The substitute bill did get a public hearing on Dec. 7 before the Senate Committee on Natural Resources and Environment, which unanimously approved the measure. Sen. Fred Risser (D-Madison) was the only no vote in the entire Senate when the body took it up March 7, 2012. Area senators Jon Erpenbach (D-Middleton) and Mark Miller (D-Madison) voted (PDF) with the majority.

Little organized opposition

Larry Konopacki, senior staff attorney with the Legislative Council, says that while the bill moved quickly through the Assembly, its pace slowed considerably in the Senate.
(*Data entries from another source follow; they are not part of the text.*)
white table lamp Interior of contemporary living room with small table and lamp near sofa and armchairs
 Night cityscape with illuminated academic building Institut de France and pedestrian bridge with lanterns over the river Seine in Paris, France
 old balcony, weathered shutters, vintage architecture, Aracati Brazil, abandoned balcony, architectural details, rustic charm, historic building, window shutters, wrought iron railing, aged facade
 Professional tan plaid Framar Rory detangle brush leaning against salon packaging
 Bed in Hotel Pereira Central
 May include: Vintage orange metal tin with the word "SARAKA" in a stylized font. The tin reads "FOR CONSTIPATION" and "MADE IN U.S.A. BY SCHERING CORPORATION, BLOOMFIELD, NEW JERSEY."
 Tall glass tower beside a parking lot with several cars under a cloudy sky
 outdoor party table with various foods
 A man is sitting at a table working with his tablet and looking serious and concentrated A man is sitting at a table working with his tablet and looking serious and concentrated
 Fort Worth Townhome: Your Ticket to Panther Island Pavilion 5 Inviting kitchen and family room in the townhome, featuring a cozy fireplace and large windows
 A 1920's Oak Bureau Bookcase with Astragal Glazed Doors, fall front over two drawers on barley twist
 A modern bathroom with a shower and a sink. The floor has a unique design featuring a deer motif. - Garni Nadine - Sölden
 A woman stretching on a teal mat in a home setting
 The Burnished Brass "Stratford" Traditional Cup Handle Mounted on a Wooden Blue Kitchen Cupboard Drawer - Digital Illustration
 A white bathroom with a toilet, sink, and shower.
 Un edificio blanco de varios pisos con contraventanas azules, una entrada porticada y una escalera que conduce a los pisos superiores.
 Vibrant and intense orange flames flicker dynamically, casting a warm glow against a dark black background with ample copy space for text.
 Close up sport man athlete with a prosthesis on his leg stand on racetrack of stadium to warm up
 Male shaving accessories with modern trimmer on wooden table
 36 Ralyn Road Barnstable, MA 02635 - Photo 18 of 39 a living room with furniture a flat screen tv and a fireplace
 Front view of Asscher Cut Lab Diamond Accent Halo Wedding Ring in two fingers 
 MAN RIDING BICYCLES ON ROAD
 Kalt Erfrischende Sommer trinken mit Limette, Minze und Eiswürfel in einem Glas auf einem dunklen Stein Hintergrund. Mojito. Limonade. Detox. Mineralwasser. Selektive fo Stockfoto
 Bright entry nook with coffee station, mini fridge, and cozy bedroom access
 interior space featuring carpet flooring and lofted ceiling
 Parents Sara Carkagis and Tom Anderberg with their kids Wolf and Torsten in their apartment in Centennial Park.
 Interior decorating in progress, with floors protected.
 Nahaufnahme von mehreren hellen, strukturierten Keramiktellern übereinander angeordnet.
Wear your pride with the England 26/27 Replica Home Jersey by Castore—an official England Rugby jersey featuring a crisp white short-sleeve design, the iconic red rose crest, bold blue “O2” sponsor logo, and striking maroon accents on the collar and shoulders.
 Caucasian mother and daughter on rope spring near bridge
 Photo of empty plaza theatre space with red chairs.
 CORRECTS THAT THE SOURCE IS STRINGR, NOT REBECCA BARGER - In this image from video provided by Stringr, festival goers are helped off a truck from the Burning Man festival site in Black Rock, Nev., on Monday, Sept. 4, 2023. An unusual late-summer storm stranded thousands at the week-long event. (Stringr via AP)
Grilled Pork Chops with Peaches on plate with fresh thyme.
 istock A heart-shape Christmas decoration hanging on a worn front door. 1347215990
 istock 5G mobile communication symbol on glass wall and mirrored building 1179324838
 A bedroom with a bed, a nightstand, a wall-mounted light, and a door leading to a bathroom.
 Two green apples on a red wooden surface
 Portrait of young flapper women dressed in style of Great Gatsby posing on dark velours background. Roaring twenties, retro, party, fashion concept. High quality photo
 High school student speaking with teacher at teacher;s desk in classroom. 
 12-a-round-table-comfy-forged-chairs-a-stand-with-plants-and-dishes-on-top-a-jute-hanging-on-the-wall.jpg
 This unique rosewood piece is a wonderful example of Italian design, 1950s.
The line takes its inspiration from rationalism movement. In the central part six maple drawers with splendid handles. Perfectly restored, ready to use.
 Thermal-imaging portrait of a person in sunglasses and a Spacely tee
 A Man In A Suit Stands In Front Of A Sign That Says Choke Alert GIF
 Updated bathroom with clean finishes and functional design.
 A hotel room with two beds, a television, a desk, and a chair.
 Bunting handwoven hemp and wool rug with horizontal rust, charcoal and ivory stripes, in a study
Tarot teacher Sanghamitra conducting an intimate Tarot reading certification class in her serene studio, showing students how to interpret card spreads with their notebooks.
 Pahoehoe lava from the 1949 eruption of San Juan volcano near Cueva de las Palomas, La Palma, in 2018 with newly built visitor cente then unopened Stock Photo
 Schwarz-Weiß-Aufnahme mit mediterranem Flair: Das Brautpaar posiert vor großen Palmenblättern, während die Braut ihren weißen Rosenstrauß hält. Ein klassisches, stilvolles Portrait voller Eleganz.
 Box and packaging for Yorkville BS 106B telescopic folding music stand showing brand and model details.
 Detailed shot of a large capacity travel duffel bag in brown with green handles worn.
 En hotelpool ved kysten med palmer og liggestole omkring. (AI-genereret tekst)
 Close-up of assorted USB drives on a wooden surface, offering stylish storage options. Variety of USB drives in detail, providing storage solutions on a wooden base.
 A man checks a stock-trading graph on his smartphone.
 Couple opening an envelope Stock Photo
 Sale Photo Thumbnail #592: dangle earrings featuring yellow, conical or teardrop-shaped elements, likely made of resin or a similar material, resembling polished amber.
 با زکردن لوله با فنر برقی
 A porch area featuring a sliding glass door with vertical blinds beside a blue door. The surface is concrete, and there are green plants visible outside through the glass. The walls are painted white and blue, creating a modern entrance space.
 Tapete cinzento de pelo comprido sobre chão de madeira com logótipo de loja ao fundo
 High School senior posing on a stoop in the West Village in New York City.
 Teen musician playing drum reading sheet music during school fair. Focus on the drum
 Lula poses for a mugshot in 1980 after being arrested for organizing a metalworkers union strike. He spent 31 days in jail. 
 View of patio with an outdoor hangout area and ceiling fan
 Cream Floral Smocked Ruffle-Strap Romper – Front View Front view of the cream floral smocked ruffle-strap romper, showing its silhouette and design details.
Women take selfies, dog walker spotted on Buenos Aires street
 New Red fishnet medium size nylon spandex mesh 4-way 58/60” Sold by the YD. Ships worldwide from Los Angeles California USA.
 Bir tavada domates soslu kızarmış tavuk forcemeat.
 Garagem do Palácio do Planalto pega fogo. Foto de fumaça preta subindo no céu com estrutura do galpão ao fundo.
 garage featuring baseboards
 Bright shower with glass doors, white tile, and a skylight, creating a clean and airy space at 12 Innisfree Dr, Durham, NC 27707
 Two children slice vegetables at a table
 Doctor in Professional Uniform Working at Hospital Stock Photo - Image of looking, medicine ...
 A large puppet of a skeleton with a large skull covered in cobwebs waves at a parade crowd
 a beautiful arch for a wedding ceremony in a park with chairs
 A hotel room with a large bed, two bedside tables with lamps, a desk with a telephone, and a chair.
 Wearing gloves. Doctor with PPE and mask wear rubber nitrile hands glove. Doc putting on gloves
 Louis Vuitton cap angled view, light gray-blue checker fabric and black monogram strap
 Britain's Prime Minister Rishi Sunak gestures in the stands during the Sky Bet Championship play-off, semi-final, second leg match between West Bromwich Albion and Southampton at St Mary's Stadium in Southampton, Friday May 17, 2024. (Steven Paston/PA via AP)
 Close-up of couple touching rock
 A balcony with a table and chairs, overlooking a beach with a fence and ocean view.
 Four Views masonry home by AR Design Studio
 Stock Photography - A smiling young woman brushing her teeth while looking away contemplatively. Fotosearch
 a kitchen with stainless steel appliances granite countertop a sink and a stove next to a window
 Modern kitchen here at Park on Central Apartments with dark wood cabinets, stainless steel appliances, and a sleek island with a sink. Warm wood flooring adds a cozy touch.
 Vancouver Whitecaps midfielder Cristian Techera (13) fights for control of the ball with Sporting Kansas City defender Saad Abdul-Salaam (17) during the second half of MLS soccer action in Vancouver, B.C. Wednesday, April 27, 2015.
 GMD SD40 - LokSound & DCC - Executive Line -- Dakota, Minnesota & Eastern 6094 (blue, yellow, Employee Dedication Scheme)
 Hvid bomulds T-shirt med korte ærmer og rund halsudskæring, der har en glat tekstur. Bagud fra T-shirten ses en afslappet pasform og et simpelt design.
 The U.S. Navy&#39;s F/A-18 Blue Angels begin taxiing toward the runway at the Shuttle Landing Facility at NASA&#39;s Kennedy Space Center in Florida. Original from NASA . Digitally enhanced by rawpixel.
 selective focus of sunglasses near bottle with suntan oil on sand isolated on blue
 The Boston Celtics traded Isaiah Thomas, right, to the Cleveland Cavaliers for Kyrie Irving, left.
There was ample time for public input and comment "before it went to the governor's desk" for signing, he says.

So how is it that so many people are surprised to see this law coming down the pike?

It looks like a few things came into play.

Konopacki says people usually get wind of a public hearing one of two ways. They hear about it in the news or belong to an organization that monitors legislation and alerts its membership to issues of concern.

There was some media attention at the time but not a lot. The most forceful commentary against the proposal was penned by Patricia Randolph, an animal rights activist, whose column runs in The Capital Times.

Timing likely was a factor: News broke on Oct. 11, 2011, that efforts were under way to recall Gov. Scott Walker, a process that would consume reporters and activists around the state for months.

But mostly there appears to have been little organized opposition at the time. Pro-hunting groups showed up in force at the Dec. 7 public hearing before the Senate Committee on Natural Resources and Environment to support the proposal, as did current and former lawmakers, including Rep. Jim Steineke (R-Kaukauna) and former state Sen. Bob Welch, representing the Wisconsin Bear Hunters Association, Wisconsin Hunters Rights Coalition, Safari Club International and Wisconsin FORCE.

Only five individuals testified against the bill: two as private citizens, one associated with the Ice Age Alliance, and two members of the Rotary Club of Milwaukee. Though the Madison Audubon Society and the Nature Conservancy lobbied against the bill, according to the Government Accountability Board, neither group appears to have testified at the public hearing.

A group called Friends of Wisconsin State Parks issued a statement a few weeks ago noting its desire to keep state parks closed to hunting and trapping. It also notes, erroneously, that there was no public hearing on the bill. Perhaps that is why no representative from the group showed up to testify.

Safety issues

Concerns raised about the law at the listening sessions were varied. Some warned that donors would stop giving money to acquire land for conservation. Tourism officials from Door County talked about how the prolonged winter hunting season would deter visitors, and others talked about safety concerns, including how hikers and skiers would be vulnerable to stray bullets and traps.

The law requires a 100-yard buffer between hunting and trapping activities and such high-traffic areas as campgrounds, trails and parking lots. The Department of Natural Resources is currently fashioning maps to indicate those areas that would be closed to hunting and trapping, and its recommendations will be considered by the Natural Resources Board at its Dec. 11-12 meeting.

The deadline for submitting comments to the DNR is Nov. 23. The deadline for submitting comments directly to the board or registering to speak at the board's meeting is Dec. 7 at 4 p.m.

The Friends of Wisconsin State Parks warns in its statement that bringing deadly and silent sports into close proximity "compromises the safety of the millions of park visitors each year who hike, bike, ski, bird watch, walk dogs, and who enjoy the solitude of nature."

State parks director Dan Schuller counters that hunting incidents in Wisconsin are rare, that most state hunters have completed hunter safety programs, and that they have excellent safety records. He says the plans being proposed for hunting and trapping in state parks are the same ones in place for state forests.

But Lowry says it is only a matter of time before people or pets are harmed by a stray bullet or a trap left in the woods: "It"s not if, but when."